1. Is it a mammal? **YES**
1. Does it live on land? **NO**
1. Is it a type of seal or sea lion? **NO**
1. Is it a type of whale? **YES**
1. Is it black and white? **YES**
1. Is it a killer whale? **YES**

We want to write code so that the computer guesses the animal that you are thinking of. (Wow!)

There are a few challenges here:
- the computer needs to know about animals
- the computer needs to know how to differentiate between animals
- the computer needs to know what questions to ask to solve the problem within 20 questions. (Let's say the computer has a list of 10,000 animals. It won't work to just ask: "Is it a grizzly bear?", "Is it a bald eagle?", ..., 10,000 times!).

And let's make it a bit harder: whenever the computer guesses wrong (i.e., guesses a particular animal and it is incorrect), we want it to learn the new animal. And so, the program will ask you for a yes-or-no question that differentiates the animal you are thinking of from the one that it guessed. **And it will learn** the new animal so that the next time you play, if you choose the same animal, it will get it right.

## Define The Problem

You need to build a system where the program has a set of animals and a set of questions where each question partitions the set of animals in two: those animals that have that feature (e.g. "Does it swim?") and those that do not. Your program should ask a series of those distinguishing questions until it ends up with a single possible animal and then it guesses that animal. 

If it is right, you're done (and can ask to play again). 

If it is wrong, then this is an animal that is not in the known set.
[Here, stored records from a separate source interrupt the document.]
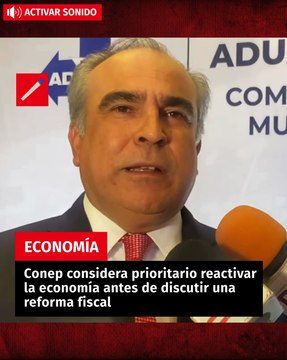 Conep considera prioritario reactivar la economía antes de discutir una reforma fiscal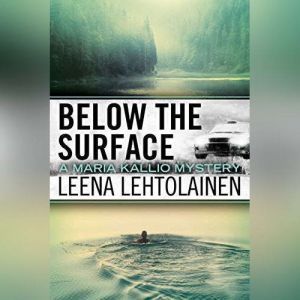 Below the Surface, Leena Lehtolainen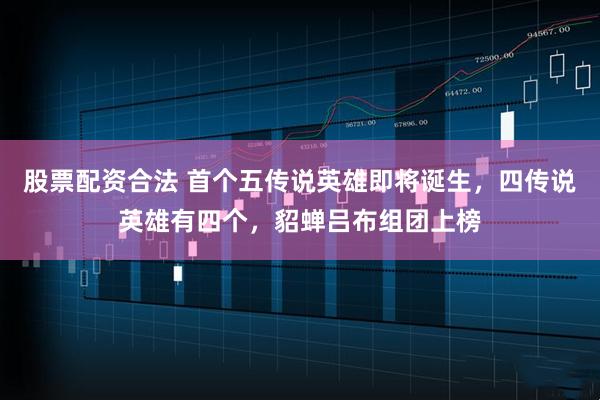 股票配资合法 首个五传说英雄即将诞生，四传说英雄有四个，貂蝉吕布组团上榜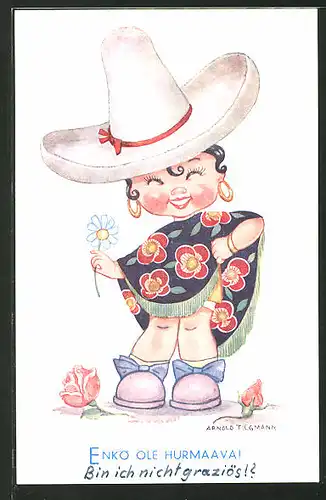 Künstler-AK Arnold Tilgmann: "Enkö ole Hurmaava!", Mexikanerin mit Sombrero und Poncho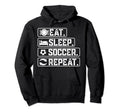 Eat Sleep Soccer Repeat Sport Player Hoodie - Trendy Graphic for Adults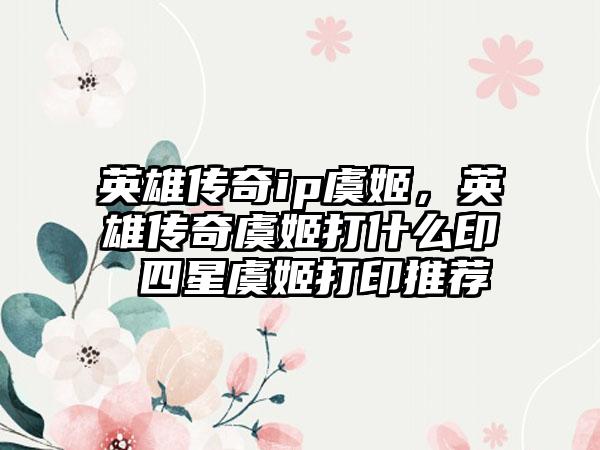 英雄传奇ip虞姬，英雄传奇虞姬打什么印 四星虞姬打印推荐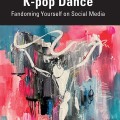 K-pop Dance: fandoming yourself on social media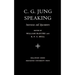 C.G. Jung Speaking: Interviews and Encounters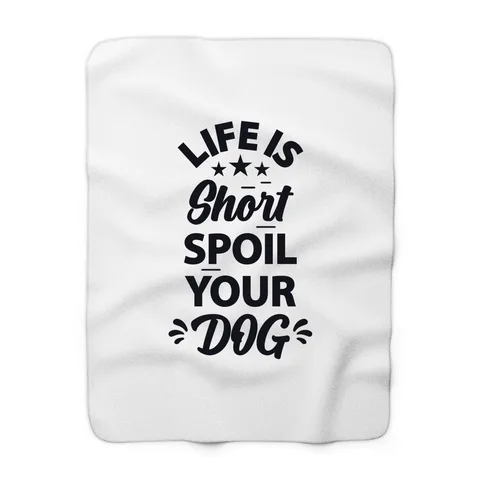 Life Is Short Spoil Your Dog Blanket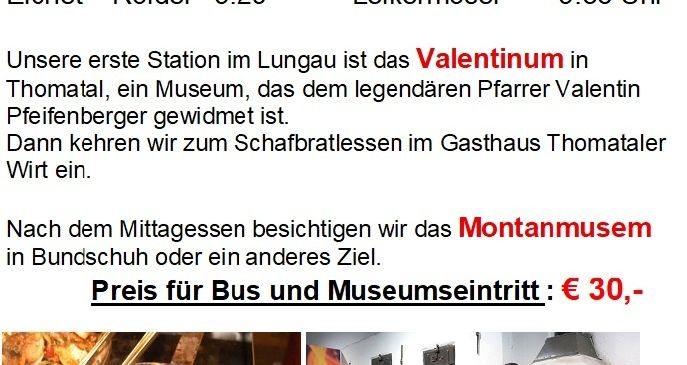 Fahrplan für Mittwoch, 22. Okt. Erste Haltestelle im Lungau ist das Valentinum in Thomatal, ein Museum, das dem legendären Pfarrer Valentin Pfeifenberger gewidmet ist. Mittagessen im Gasthaus Thomatal. Danach besuchen wir das Montanmuseum in Bundschuh. Preis für Bus und Museumseintritt: € 30,-
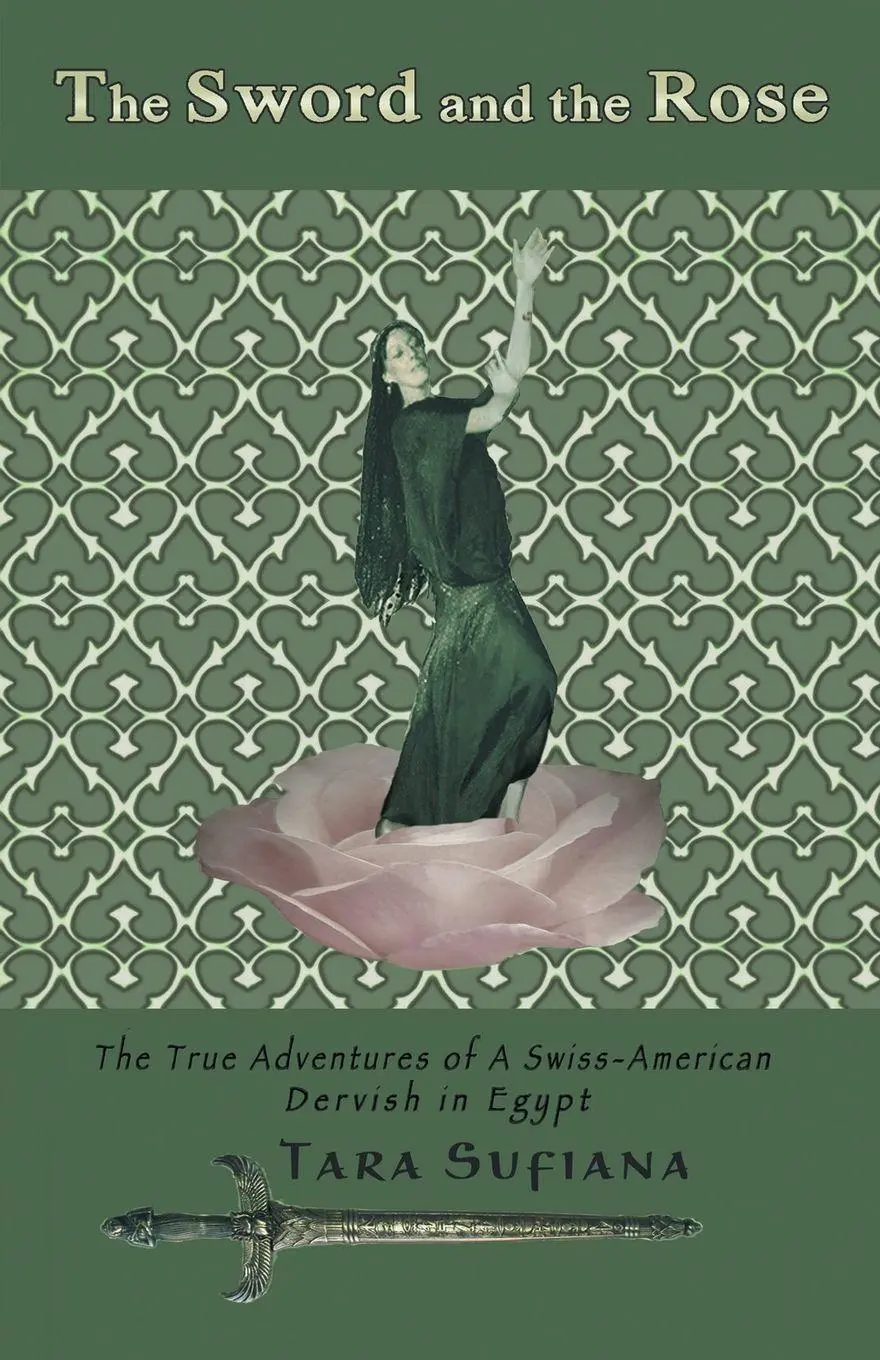 Cover: 9781413496932 | The Sword and the Rose | A Swiss-American Dervish in Egypt | Sufiana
The program should then ask the user what question will differentiate between the animal that was guessed and the correct one. Then that question and the new animal should be incorporated into the known set and the user can be prompted to play again.

(In a real application we would also want to worry about reading and and writing out the data so that the program doesn't have to learn from scratch each time, but we can leave that for future work.)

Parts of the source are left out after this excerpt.